Una buona fetta di negozi, addirittura, ha chiuso di propria volontà in attesa di capire meglio gli sviluppi dell’intera vicenda, magari con la pubblicazione delle motivazioni della sentenza della Suprema Corte del 30 maggio scorso: “Noi abbiamo addirittura abbassato le saracinesche, ci prendiamo una vacanza forzata per qualche giorno, non vogliamo problemi” ci dicono i titolari dello Shock House. E ancora: “L’avvocato ci ha consigliato di chiudere precauzionalmente” raccontano dal Druido Hemp Shop che non è l’unica attività ad aver consultato i propri legali.
Oltre a questi ha abbassato le saracinesche il Greenova Shop e a Colli Aniene anche Smell Italia sta meditando di sospendere l’attività.
Le storie di chi si sente sulla via del fallimento
Non mancano già alcuni casi che hanno del drammatico: “Io curo tutto il processo di produzione di cannabis light, dalla coltivazione alla vendita“, racconta il responsabile di R-evolution plant nel quartiere Alessandrino: “Tre anni fa ho investito in questo settore più di 50mila euro, ho moglie e figli e adesso sono rovinato“.
Il 16 maggio scorso, invece, prima ancora della sentenza della Cassazione ma pochi giorni dopo la ‘direttiva Salvini‘, il cannabis shop ‘Mezz’etto’ ha subito un maxi sequestro di cannabis light del valore di circa 1500 euro, di uno stock di birre aromatizzate e addirittura di una partita di cartine. Dice il titolare Claudio Capitani: “Io grazie al cielo ho anche una oreficeria, ma se avessi avuto soltanto il cannabis shop sarei fallito. Il contenuto di thc delle infiorescenze sequestrate è stato appurato essere poco sopra lo 0,2 percento ma nonostante ciò mi hanno inflitto una sanzione di più di duemila euro e la stessa sorte stava per capitare a mia nuora che ha un’altra rivendita nel quartiere Talenti“. Il danno economico per la Capitale e in tutta Italia non è ancora stato stimato ma ci si aspettano numeri preoccupanti e il Coordinamento Nazionale Canapa Sativa Italia sta lavorando ai primi dati.
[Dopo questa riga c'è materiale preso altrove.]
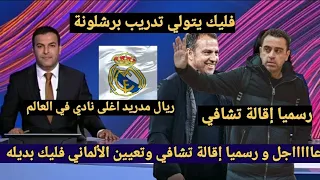 عاااااجل و رسميا من بين سبورت إقالة تشافي والبديل هو الألماني فليك وريال مدريد الأغلى في العالم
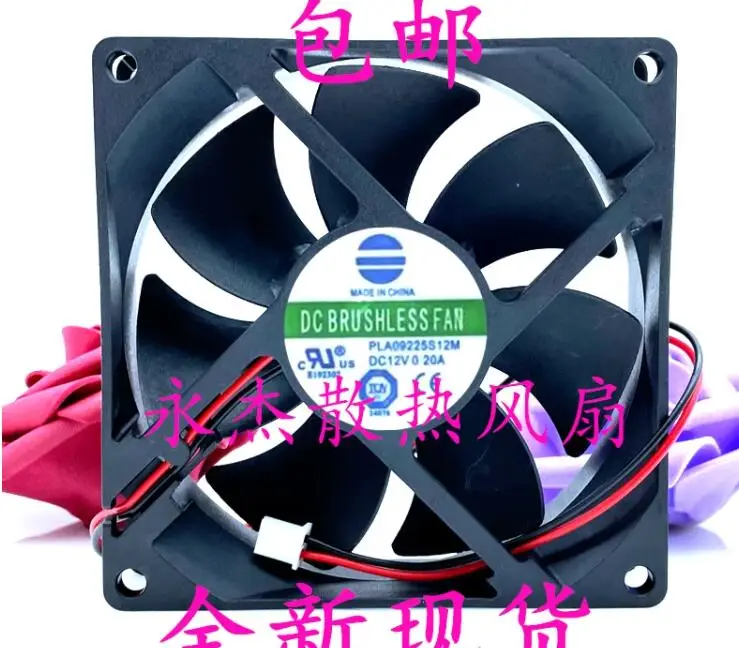 PLA09225S12M DC 12V 0.20A 90x90x25mm 2-Wire Server Cooling Fan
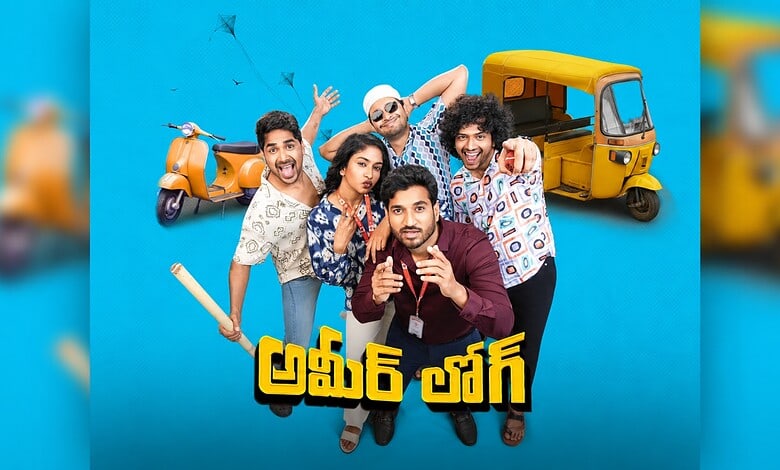 Group of five young men and women posing with auto rickshaw and scooter on blue background.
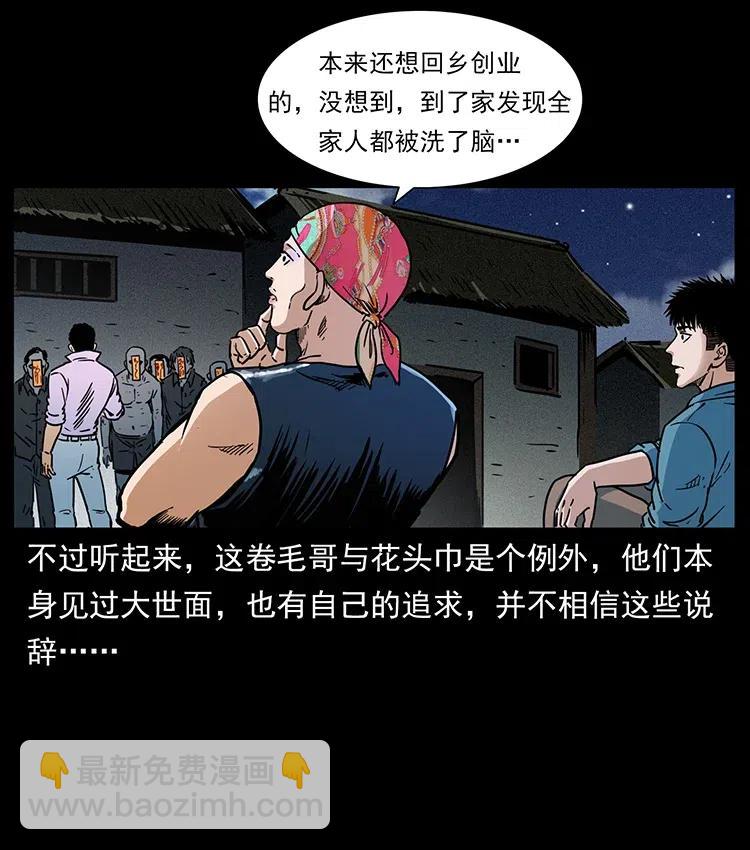 352 不毛之地77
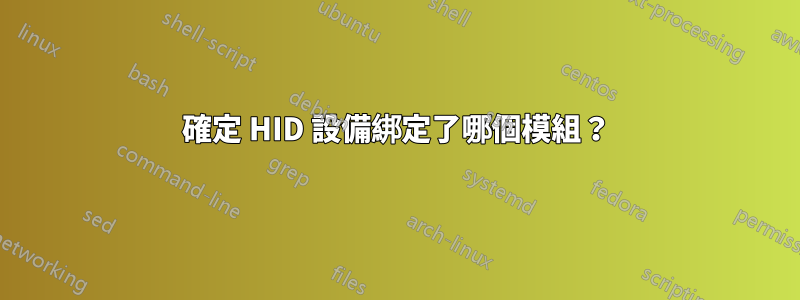 確定 HID 設備綁定了哪個模組？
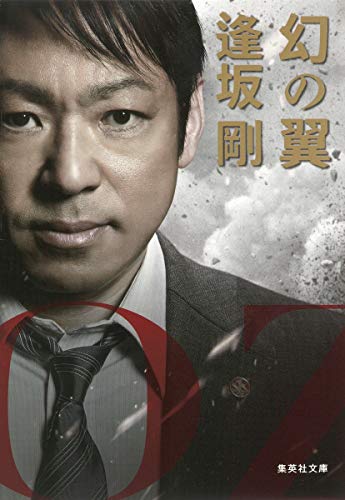 楽天 無料電子書籍 幻の翼 (集英社文庫) バイ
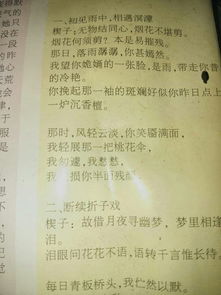 女字旁怎么写呀怎么组词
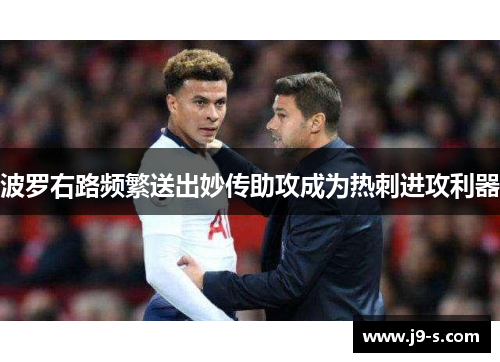 波罗右路频繁送出妙传助攻成为热刺进攻利器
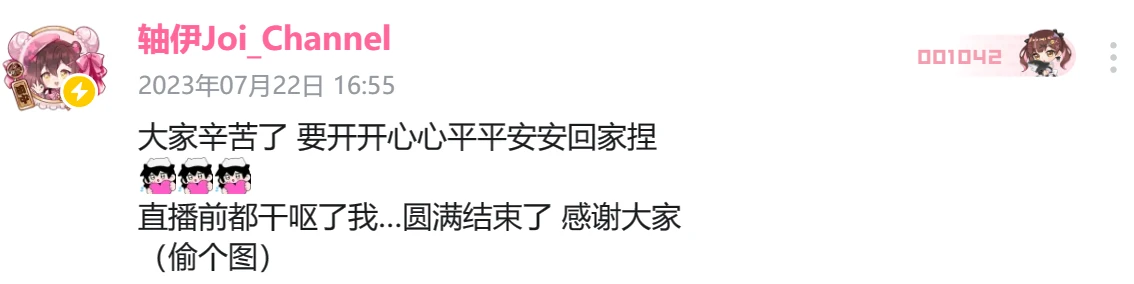 第一百零一轴（07.17—07.23）BW上的轴 本周直播 二创相关收录 少有的标题空了很多（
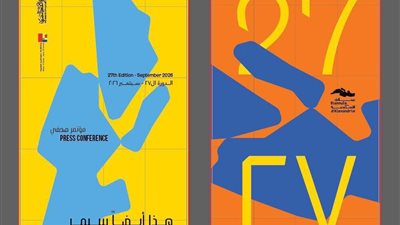 وزارة الثقافة تعقد مؤتمرًا صحفيًا غدًا للإعلان عن استعدادات الدورة 27 من بينالي الإسكندرية الدولي 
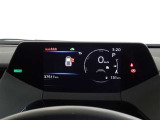 視点移動が少ないセンターメーター、ロングドライブも疲れません。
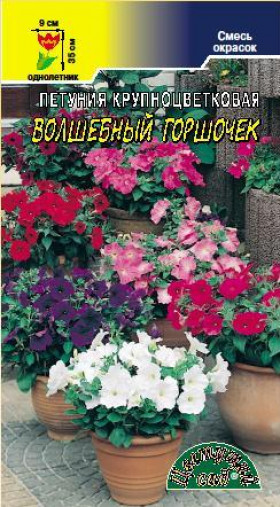 Волшебный горшочек смесь/Цветущий Сад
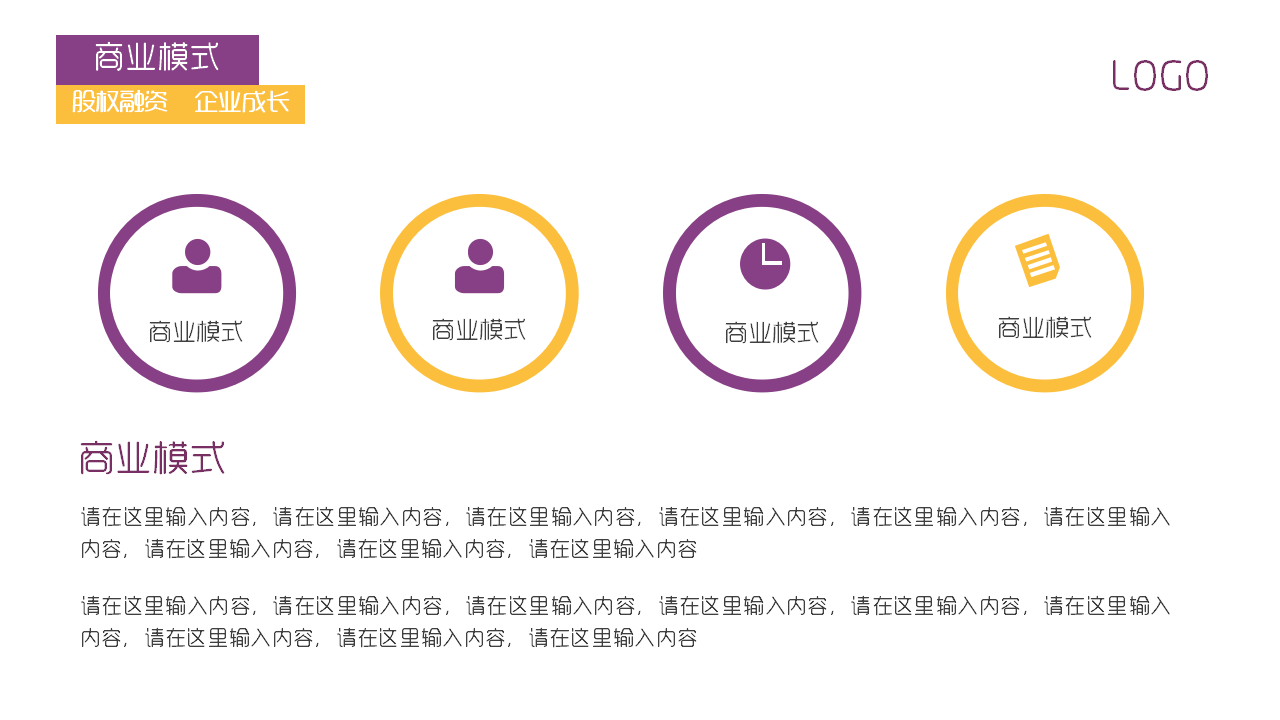 企业公司商业计划书模板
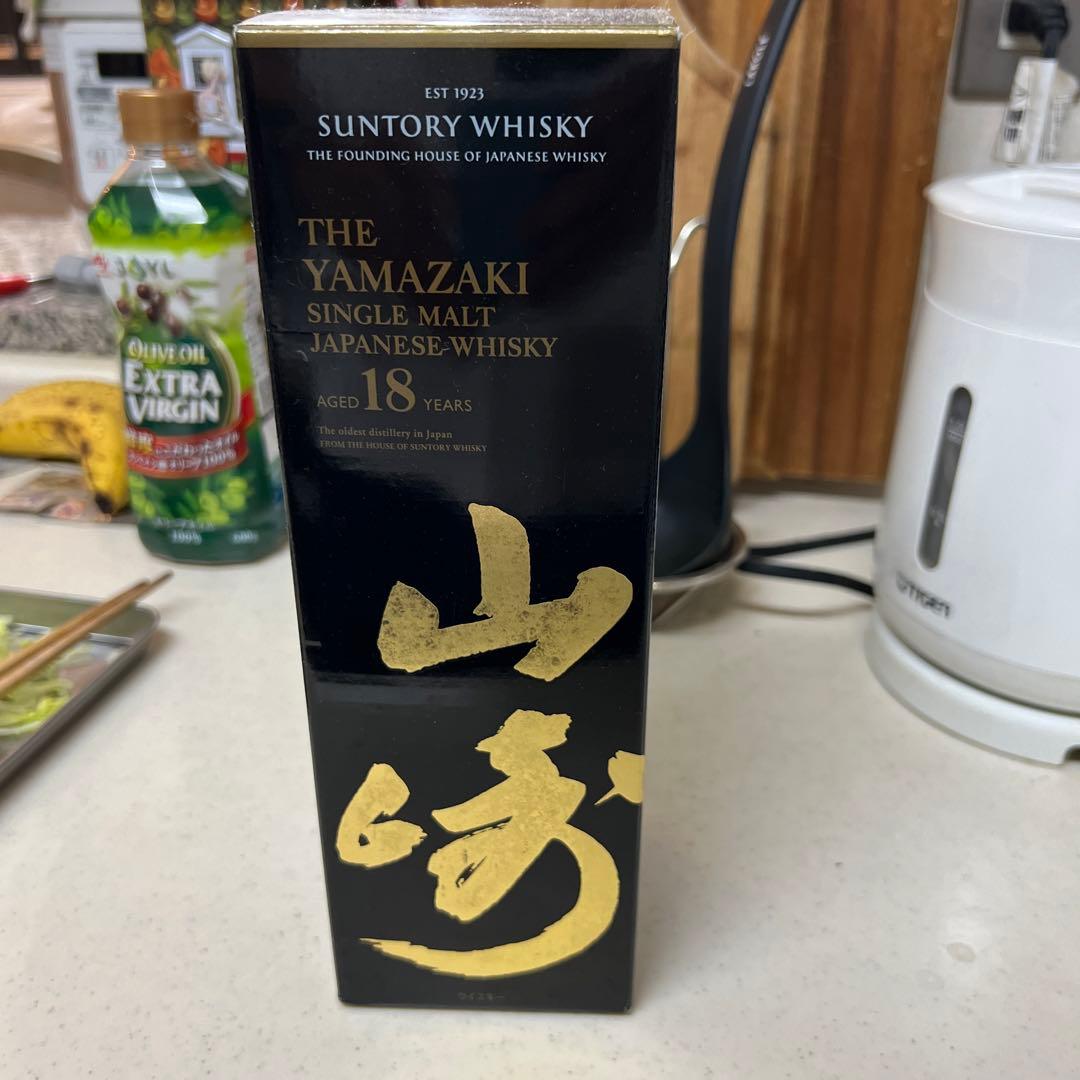 サントリー　山崎　18年　未開封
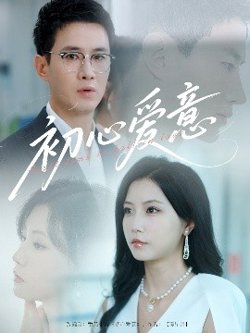 初心爱意高清播放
L’appello degli imprenditori e delle imprenditrici del settore
Intanto gli imprenditori e le imprenditrici del settore hanno lanciato un appello e si sono dati appuntamento il prossimo 11 giugno a Roma in via Molise presso il Mise: “Chiediamo la partecipazione di tutti, produttori, rivenditori e consumatori, mercoledì 11 maggio a Roma alle ore 11.00. Un presidio pacifico ma rumoroso che vuole richiamare l’attenzione sull’ingiustizia che si sta consumando nei confronti di centinaia di operatori che vedono polverizzarsi risparmi e investimenti fatti negli ultimi due anni” scrivono nel loro comunicato.